В первые годы после революции в СССР господствовала историческая школа М. Н. Покровского, которая всех государственных деятелей России до 1917 года объявила реакционными. Созыв второго ополчения Минина Покровский именовал «наемом дворянского ополчения буржуазией».
В Малой советской энциклопедии издания 1930—1932 годов о Минине и Пожарском говорится: «Минин-Сухорук... нижегородский купец, один из вождей городской торговой буржуазии... Буржуазная историография идеализировала М.-С. как бесклассового борца за единую „матушку Россию“ и пыталась сделать из него национального героя». «Пожарский... князь... ставший во главе ополчения, организованного мясником Мининым-Сухоруком на деньги богатого купечества. Это ополчение покончило с крестьянской революцией».
С укреплением личной власти Сталина и ростом международной напряженности в конце 30-х годов кардинально изменилась официальная точка зрения на русскую историю.
Это хорошо проиллюстрировано пропагандистскими фильмами «Александр Невский» и «Минин и Пожарский». Последний был снят в 1939 году на «Мосфильме» по сценарию В. Б. Шкловского.

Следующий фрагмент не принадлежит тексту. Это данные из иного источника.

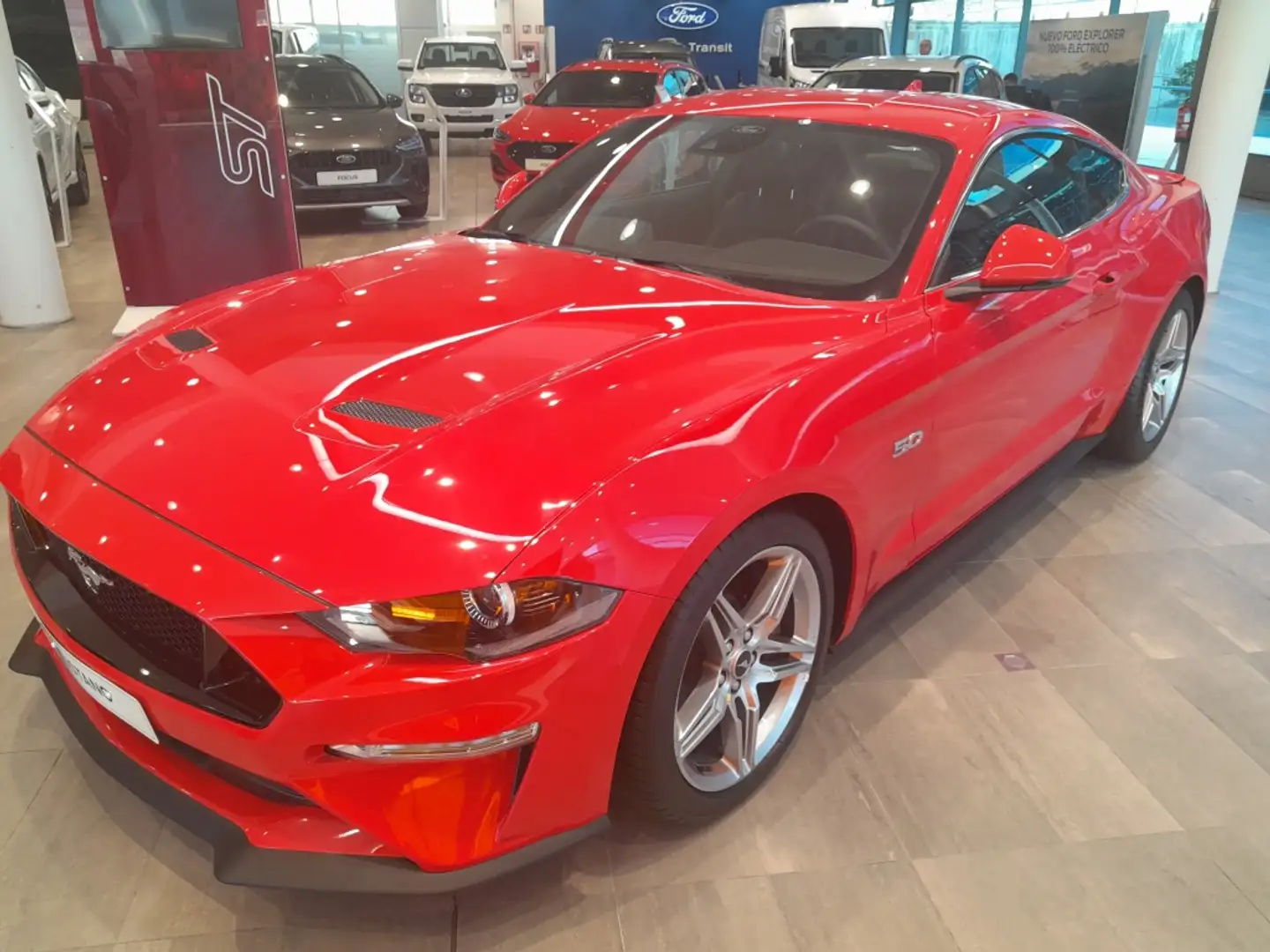 Ford Mustang Fastback 5.0 Ti-VCT GT Aut. Rood - 1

Роль Д. М. Пожарского сыграл Б. Н. Ливанов. Князь был представлен великим патриотом, рыцарем без страха и упрека. Однако если отбросить излишнюю идеализацию Минина и Пожарского, сценарий был предельно близок к исторической правде, насколько это можно сделать в односерийном фильме.
В последних кадрах фильма Кузьма Минин говорит на Красной площади: «Побили мы ляхов, а коли сунутся, и далее будем бить. Здесь мы им хвост отрубили, а там, — и Кузьма энергично простирает руку то ли на запад, то ли в будущее, — и шкуру спустим!»

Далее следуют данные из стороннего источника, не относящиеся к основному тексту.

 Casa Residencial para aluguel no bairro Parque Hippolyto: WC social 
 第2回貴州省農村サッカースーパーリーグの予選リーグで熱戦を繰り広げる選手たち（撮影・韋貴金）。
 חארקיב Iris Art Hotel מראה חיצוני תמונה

Это была не только речь исторического лица начала XVII века, но и суровое предупреждение тем, кто еще в 1939 году мечтал о Речи Посполитой «от моря до моря», то есть от Балтики до Черного моря с включением в состав Польши русских, украинских, белорусских и немецких земель.

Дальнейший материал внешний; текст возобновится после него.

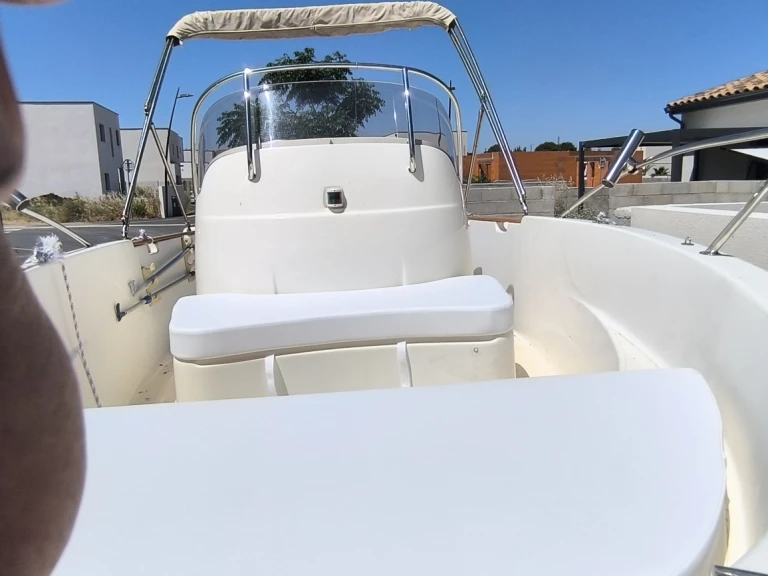 Bootverhuur Vias goedkoop Cap Camarat 545 Style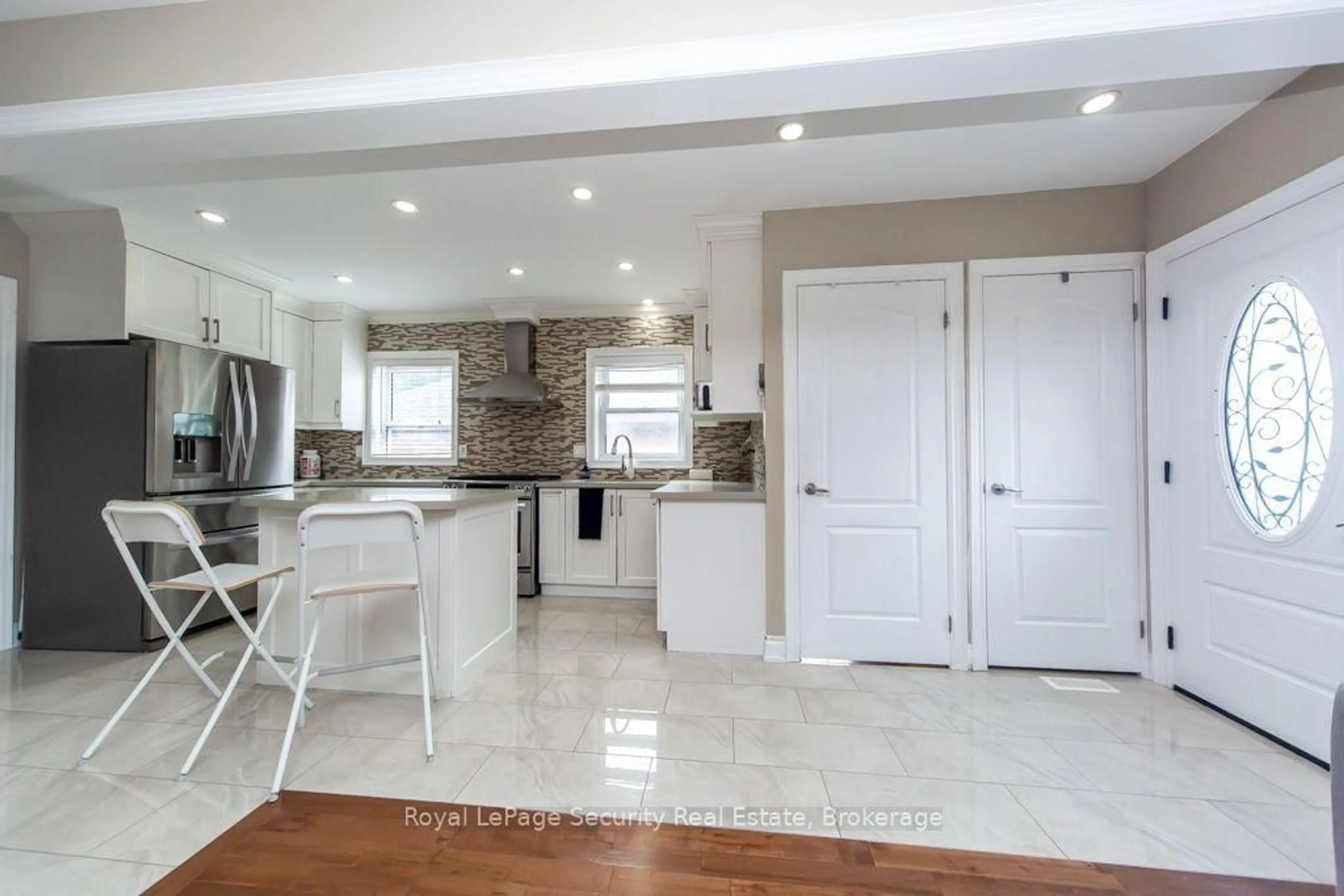 Unknown for 569 McRoberts Ave, Toronto Ontario M6E 4R5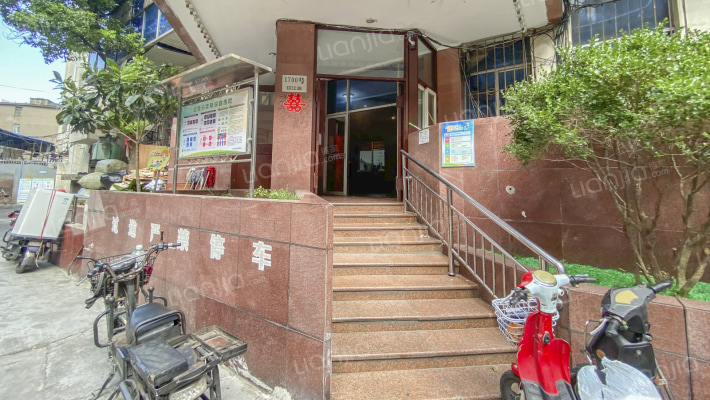 银杨大厦外景图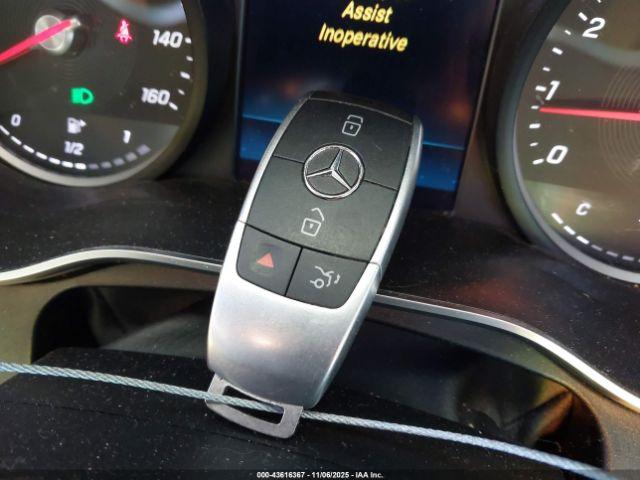 Mercedes-Benz C-Class 300 Image 10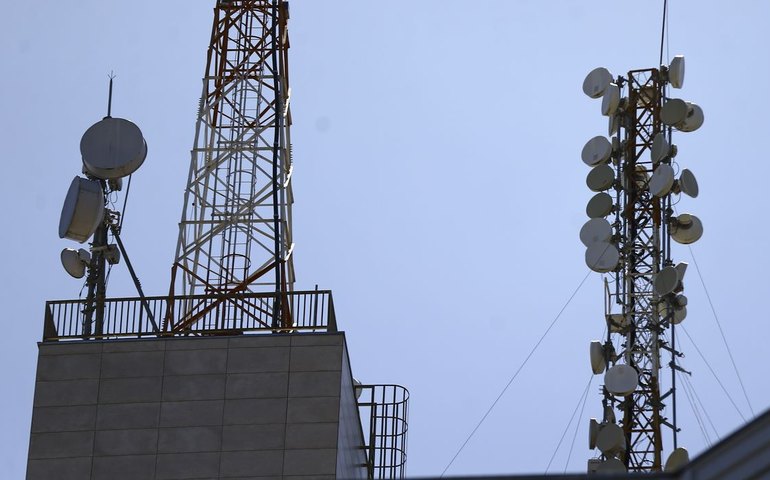 Sinal de telefonia móvel 4G pode chegar em áreas rurais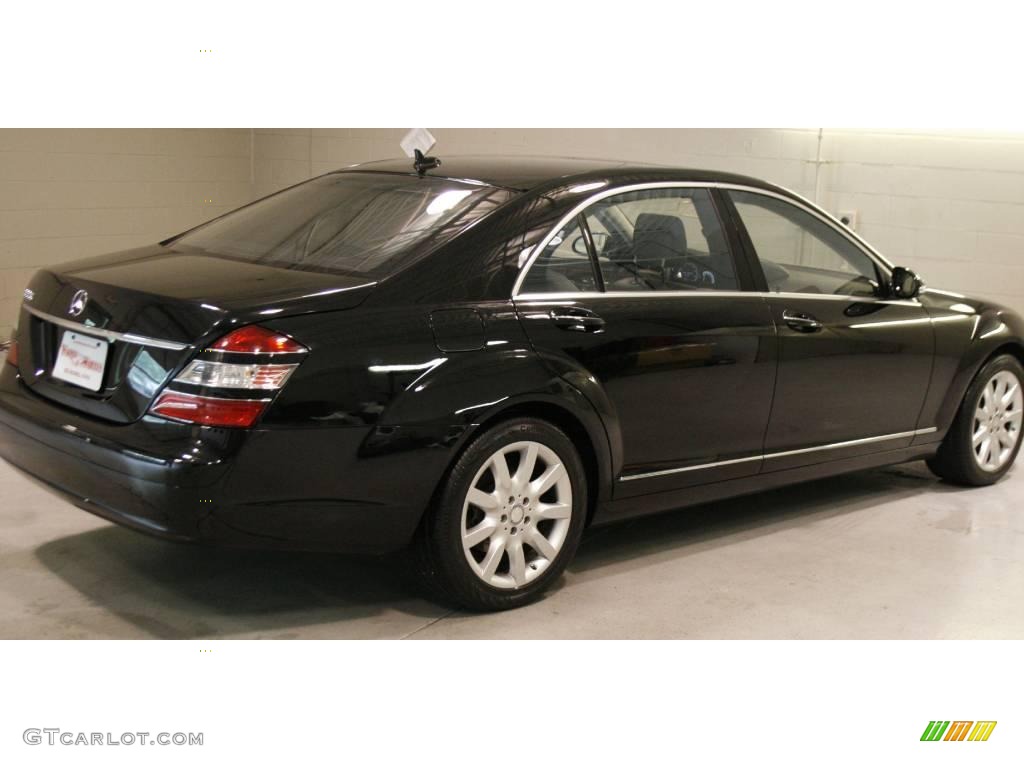 2008 S 550 Sedan - Black / Black photo #59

7 ноября 1941 года Сталин, принимая парад на Красной площади, напутствовал уходящие на фронт полки: «Пусть вдохновляет вас в этой войне мужественный образ наших великих предков — Александра Невского, Дмитрия Донского, Кузьмы Минина, Дмитрия Пожарского, Александра Суворова, Михаила Кутузова!»
В 1943 году советское правительство нашло средства поставить в городе Горьком на центральной площади памятник Кузьме Минину.
В годы Великой Отечественной войны имена Минина и Пожарского можно было увидеть на броне танков и бронекатеров, на фюзеляжах самолетов.
В 1952— 1953 годах были заложены крейсера проекта 68-бис «Дмитрий Пожарский» и «Козьма Минин».
И сейчас в наше трудное время Минин и Пожарский служат символами патриотических движений от коммунистических до монархических.
ФИЛАРЕТ И МИХАИЛ РОМАНОВЫ
За два последних столетия наши историки до предела мифологизировали роль Романовых в Смутное время. На фоне злодея и неврастеника Бориса Годунова, отпетых негодяев Гришки Отрепьева и Тушинского вора перед нами предстоит доброе патриархальное семейство Романовых. Романовы якобы имели самые большие права на престол, но им было чуждо стремление к власти, они были далеки от политических интриг. И вот за эту доброту и бескорыстность все правители, начиная с царя Бориса и кончая Тушинским вором, всячески мучают праведное семейство. Наконец храбрый воевода освобождает Москву от злых иноземцев, и весь народ, начиная с самого воеводы и кончая простым казаком, молит юного ангелоподобного отрока стать царем московским. Надо ли говорить, что тут не обошлось без вмешательства небесных сил. Отрок и его мать долго отказываются: они, мол, никогда и не думали, чтобы Миша мог стать царем.
Миф о Романовых нашел отражение даже в пушкинском «Борисе Годунове». Там дворянин Афанасий Пушкин говорит Рюриковичу Шуйскому:
«Знатнейшие меж нами рода — где? Где Сицкие князья, где Шестуновы, Романовы, отечества надежда?» Шуйский: «Ты прав, Пушкин».
Ну ладно, что Сицкие и Шастуновы уже три года как прощены и исправно служат Борису, поэт мог и не знать, но чтобы Шуйский — потомок Андрея Ярославовича и ненавистник выскочек Романовых — признал их «знатнейшими меж нами» и «отечества надеждой»! Это уже топорная лесть, граничащая с издевательством над семейством Романовых.